Super Furry Animals chronology
| Ice Hockey Hair EP (1998) | Out Spaced (1998) | Guerrilla (1999) |

Alternative cover
- Special edition rubber nipple cover

= Out Spaced =

Out Spaced is a 1998 B-sides and early releases album by the Super Furry Animals. First editions of the album were in rubber case shaped like a nipple.

The first track is notable for containing a sweary sample and still being released as a single; BBC Radio's attempt at censoring the track resulted in the last minute or two of the song being almost one long silence. The last track, "Blerwytirhwng" (Welsh for "Where are You Between?") is also notable in that it contains a more than five-minute-long outro of looped sci-fi noises.

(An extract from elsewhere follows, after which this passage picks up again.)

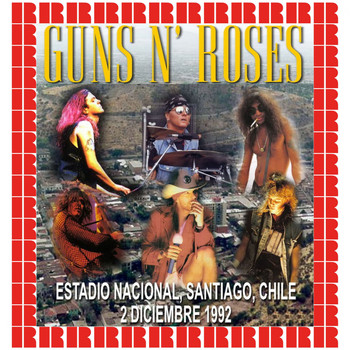 Guns N' Roses - Estadio Nacional, Santiago, Chile, December 2nd, 1992 (Hd Remastered Edition)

According to Gruff Rhys the band "had to painfully omit some songs to compile Out Spaced as an album in its own right".

Professional ratings
Review scores
| Source | Rating |
| Allmusic | Star |
| NME | (7/10) |
| Pitchfork Media | (8.0/10) |

==Track listing==

All songs by Super Furry Animals.

1. - "The Man Don't Give a Fuck"
  - Previously released on The Man Don't Give a Fuck single (1996)
2. "Dim Brys dim Chwys"
  - Previously released on the Ankst compilation album Triskedekaphilia (1995)
3. "Smokin'"
  - Previously released on the Ice Hockey Hair E.P. (1998)
4. "Dim Bendith"
  - Previously released on the God! Show Me Magic single (1996)
5. "Arnofio/Glô in the dark"
  - Previously released on the Something 4 the Weekend single (1996)
6. "Guacamole"
  - Previously released on the If You Don't Want Me to Destroy You single (1996)
7. "Don't Be a Fool Billy"
  - Previously released on the Hometown Unicorn single (1996)
8. "Focus Pocus/Debiel"
  - Previously released on the Moog Droog E.P. (1995)
9. "Fix Idris"
  - Previously released on the Llanfairpwllgwyngyllgogerychwyrndrobwllllantysiliogogogoch (In Space) E.P. (1995)
10. "Pam V"
  - Previously released on the Moog Droog E.P. (1995)
11. "Pass the Time"
  - Previously released on the Play It Cool single (1997)
12. "Carry the Can"
  - Previously released on the Demons single (1997)
13. "Blerwytirhwng"
  - Previously released on the Llanfairpwllgwyngyllgogerychwyrndrobwllllantysiliogogogoch (In Space) E.P. (1995)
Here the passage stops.